Now the season has come to a close in Brazil’s Center-South, which includes the states of Sao Paulo and Minas Gerais, responsible for 75% of all ethanol produced in the country. Prices have once again gone up, allowing companies to take profits – but the damage done by the very low prices that prevailed throughout most of the year, coupled with even-lower sugar prices on the international market, may have long-lasting effects. For one, they meant drastically-reduced cash flows - bad for all producers, but lethal for smaller entrants to the market, many of which had hoped to finance the next year of activities with cash raised by selling ethanol produced this year.

Consequently, many properties are up for sale. Gazeta Mercantil, one of Brazil’s leading financial dailies, reports that prices for installed distillery capacity are about 25% of what was being asked just a few months ago, when prices were at their peak. As many owners did not have the financial heft to wait out the slump, and are not willing or capable of sticking around to see what ethanol and sugar prices will be like in the coming two years, they are now forced to sell for pennies on the real.

Also, according to Gazeta Mercantil, PriceWaterhouse Coopers says that 34 deals involving distilleries were executed in 2007 – nine of which were acquisitions (i.e., either a controlling stake or the entirety or the company was transferred to the new owner) and fifteen, joint ventures. This total was twice the number tallied in 2006, when 19 deals were closed, according to Fabio Niccheri, Director of M&As at Pricewaterhouse.
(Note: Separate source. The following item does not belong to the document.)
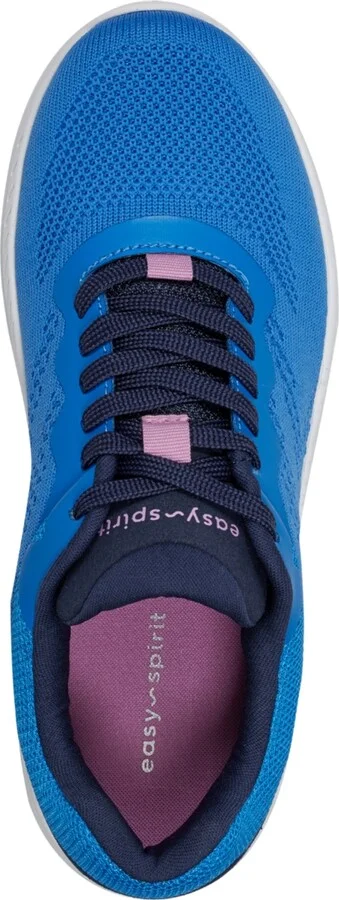 Easy Spirit Women's Pippa Lace-Up Round Toe Casual Sneakers - Image 4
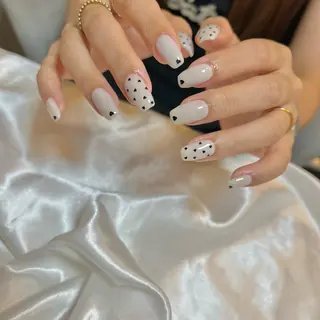 ネイル REPLENDA所属・REPLENDA MIKIYOのネイルデザイン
The highly-fragmented industry, in which 200 companies own about 400 distilleries, is thus undergoing a process of consolidation that may lead the sector to look very much like the soybean-growing region of Center-West Brazil, located at the very geographic center of the South American continent. According to The McKinsey Institute, the Brazilian soy industry is the largest in the world; however, vital products, such as seeds, pesticides, and machinery, and services, like financing, distribution, and logistics, are dominated by a chain with few key players.

The Center-West became an agricultural powerhouse when Brazilian agronomists, centered at Embrapa, a federally-funded R&D facility, developed a method to correct the highly-acid soil underneath Brazil's vast savannas, called the Cerrado. An influx of small farmers built the economic bases of the vast soy economy, so large that it straddles the Brazilian border and spills over into Bolivia and Paraguay, forming the so-called "Republic of Soy".

As the soy industry consolidated throughout the 1980s, a few Brazilian groups emerged at the head of the pack. After the Brazilian economy opened up in the early 1990s, these groups teamed up with large foreign agricultural concerns, sparking fears associated with overdevelopment and prompting a litany of protests, litigation, and judicial action in remote corners of the country.

Many lessons can be learned from the recent development of the soy industry, chief among them the necessity to adopt strict corporate governance and environmental standards to enhance the capacity of the industry for growth. As the pace of consolidation picks up in the sugar and ethanol sector, getting companies in the much more visible Center-South to adopt such codes is a prerequisite for a successful expansion.